Era assim nas relações conflituosas com os colegas, nos desafios que a rotina escolar impunha, com a mínima interferência dos adultos, que as crianças aprendiam, ganhavam autonomia, e “desembestavam”, como se dizia. Uma casca protetora formada de fibras resistentes, revestia o frágil ser que ganhava, com o passar dos anos, a desenvoltura e a segurança para se apresentar, se defender, falar, tomar decisões e resolver seus próprios problemas. A postura firme do meu pai, naquele momento, em não aceitar minha fraqueza e nem pintar de cor de rosa a situação foi decisiva na formação do meu caráter e na minha atitude perante a vida.
A dor é uma disciplina fundamental. Chamo de “dor” a esse conjunto de fatos e circunstâncias que nos desinstalam e que podem trazer apreensão, tristeza ou desconforto. Em todo o tempo de nossa existência, do nascimento até a maturidade, estamos vulneráveis às doenças, à violência urbana e ao descaso do próximo. Nem todas as coisas acontecem da forma e no tempo que gostaríamos. Hoje estou aqui, não sei se estarei no minuto seguinte. Quão frágil é nossa vida, ao mesmo tempo, como ela é complexa!
Se a dor é inerente ao ser humano, como contribuir na formação de nossas crianças e jovens para enfrentar esses momentos?
Uma das formas que temos para educar para a dor é não negar a sua existência. Deseducamos e desprotegemos quando retiramos do caminho de nossos filhos os problemas que, de uma forma muito sábia, aparecem na medida ou na proporção de cada idade. A criança de quatro anos diz: “Meu colega me chamou de chato”. Esse é um problema do tamanho da criança, que irá elaborá-lo e buscar interiormente elementos para resolvê-lo. Se a família interfere tentando pensar e resolver por ela, irá retirar-lhe a rica chance de crescer. Erramos quando amortizamos ou neutralizamos esses pequenos exercícios.
Infelizmente, com a melhor das intenções, cuidamos de nossos filhos de forma a retirar do seu caminho qualquer traço de tristeza, problema ou decepção, entretanto, a vida nos ensina, que nem sempre teremos pessoas dispostas a retirar as pedras que iremos encontrar pelo caminho. Não existe gente de verdade, de carne e osso, se não tiver passado também pela experiência da perda e da dor.

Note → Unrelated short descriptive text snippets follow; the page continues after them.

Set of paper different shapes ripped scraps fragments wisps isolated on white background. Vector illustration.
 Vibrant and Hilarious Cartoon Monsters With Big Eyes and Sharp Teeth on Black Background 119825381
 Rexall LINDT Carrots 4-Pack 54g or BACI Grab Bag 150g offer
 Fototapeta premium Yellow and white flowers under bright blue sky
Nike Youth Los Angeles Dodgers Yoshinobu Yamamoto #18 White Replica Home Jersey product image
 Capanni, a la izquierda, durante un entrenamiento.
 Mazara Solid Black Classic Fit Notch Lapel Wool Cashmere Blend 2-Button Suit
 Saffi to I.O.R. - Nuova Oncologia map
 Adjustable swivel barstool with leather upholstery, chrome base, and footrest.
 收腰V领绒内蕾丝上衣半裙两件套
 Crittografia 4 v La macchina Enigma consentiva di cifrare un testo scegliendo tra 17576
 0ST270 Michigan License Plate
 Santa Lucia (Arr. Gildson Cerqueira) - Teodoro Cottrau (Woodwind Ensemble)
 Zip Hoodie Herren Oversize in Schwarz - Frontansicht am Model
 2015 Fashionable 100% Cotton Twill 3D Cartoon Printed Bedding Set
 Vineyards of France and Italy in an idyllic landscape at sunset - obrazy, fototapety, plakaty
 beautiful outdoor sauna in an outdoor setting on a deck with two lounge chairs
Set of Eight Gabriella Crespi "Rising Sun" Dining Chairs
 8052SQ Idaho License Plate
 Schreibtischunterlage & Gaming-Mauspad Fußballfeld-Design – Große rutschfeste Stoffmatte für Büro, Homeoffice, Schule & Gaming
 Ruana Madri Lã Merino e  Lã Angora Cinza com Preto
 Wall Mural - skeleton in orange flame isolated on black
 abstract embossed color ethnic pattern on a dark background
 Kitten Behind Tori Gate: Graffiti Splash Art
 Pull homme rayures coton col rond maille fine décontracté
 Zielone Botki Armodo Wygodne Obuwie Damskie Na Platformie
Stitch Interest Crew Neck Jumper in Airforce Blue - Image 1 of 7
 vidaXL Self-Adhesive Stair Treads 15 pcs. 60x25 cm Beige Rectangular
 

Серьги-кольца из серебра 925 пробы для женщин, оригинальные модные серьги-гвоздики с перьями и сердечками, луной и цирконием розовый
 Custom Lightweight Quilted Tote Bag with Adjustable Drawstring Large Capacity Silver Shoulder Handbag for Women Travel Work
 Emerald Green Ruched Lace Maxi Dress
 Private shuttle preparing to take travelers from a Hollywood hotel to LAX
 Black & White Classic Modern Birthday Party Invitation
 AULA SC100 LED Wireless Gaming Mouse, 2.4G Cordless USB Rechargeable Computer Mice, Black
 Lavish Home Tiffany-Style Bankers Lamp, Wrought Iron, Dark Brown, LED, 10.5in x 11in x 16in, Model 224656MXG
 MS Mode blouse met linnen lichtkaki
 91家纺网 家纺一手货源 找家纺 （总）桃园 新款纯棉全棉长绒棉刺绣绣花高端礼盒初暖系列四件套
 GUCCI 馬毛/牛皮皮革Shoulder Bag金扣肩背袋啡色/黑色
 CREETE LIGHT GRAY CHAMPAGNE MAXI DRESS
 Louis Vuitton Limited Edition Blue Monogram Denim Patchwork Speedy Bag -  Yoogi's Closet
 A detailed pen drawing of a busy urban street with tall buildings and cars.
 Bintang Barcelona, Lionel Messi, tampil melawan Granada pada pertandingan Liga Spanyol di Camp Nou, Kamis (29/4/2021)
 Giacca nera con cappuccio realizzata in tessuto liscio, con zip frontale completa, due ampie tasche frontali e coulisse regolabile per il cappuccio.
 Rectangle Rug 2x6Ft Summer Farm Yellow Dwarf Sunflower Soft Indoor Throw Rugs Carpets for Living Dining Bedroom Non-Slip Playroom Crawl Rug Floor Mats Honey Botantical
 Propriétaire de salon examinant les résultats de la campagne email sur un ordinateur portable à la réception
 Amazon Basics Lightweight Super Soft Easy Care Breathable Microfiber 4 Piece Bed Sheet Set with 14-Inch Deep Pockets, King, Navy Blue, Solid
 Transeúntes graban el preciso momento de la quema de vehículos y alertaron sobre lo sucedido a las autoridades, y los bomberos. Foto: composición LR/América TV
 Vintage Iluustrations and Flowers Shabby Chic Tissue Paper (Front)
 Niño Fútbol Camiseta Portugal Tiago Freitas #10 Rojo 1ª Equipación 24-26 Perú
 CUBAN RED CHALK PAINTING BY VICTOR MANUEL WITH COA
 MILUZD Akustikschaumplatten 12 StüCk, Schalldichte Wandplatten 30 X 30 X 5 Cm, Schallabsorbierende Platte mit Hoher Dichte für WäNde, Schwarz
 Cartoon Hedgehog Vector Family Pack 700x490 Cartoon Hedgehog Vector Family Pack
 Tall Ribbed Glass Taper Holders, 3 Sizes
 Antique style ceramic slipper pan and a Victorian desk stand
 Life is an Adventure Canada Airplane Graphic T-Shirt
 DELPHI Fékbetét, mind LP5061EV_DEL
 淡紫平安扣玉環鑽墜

Quando olho para trás, percebo que boa parte daquilo que aprendi sobre a vida, foi forjado na ausência e na falta. Acredito que muitos compartilham dessa verdade, principalmente aqueles que vieram de uma infância de família numerosa ou com limitações financeiras. Isso não quer dizer que esse é o único e melhor caminho, mas, com certeza, é um contraponto ao quadro atual marcado pelo excesso, seja ele de conforto, de comida, de lazer “comprado”, de roupas ou brinquedos. Retiramos do nosso vocabulário as palavras necessidade, luta, busca, restrição ou espera e, trocamos por outras que só indicam facilidades. Com isso, a tristeza virou depressão; desentendimento natural entre colegas virou “bullying”; ouvir um “não” virou intransigência; o limite virou perseguição. Tudo isso existe e, portanto, como adultos e educadores, precisamos acompanhar de perto esses processos, coibir os exageros, a opressão do mais forte sobre o mais fraco, e mais do que isso, servirmos de exemplo de conduta, de cordialidade e de respeito.
Que possamos fazer dos pequenos, mas significativos desafios postos pela vida, um momento de aprendizagem que sirva para lidar com a vida e que siga para toda a vida.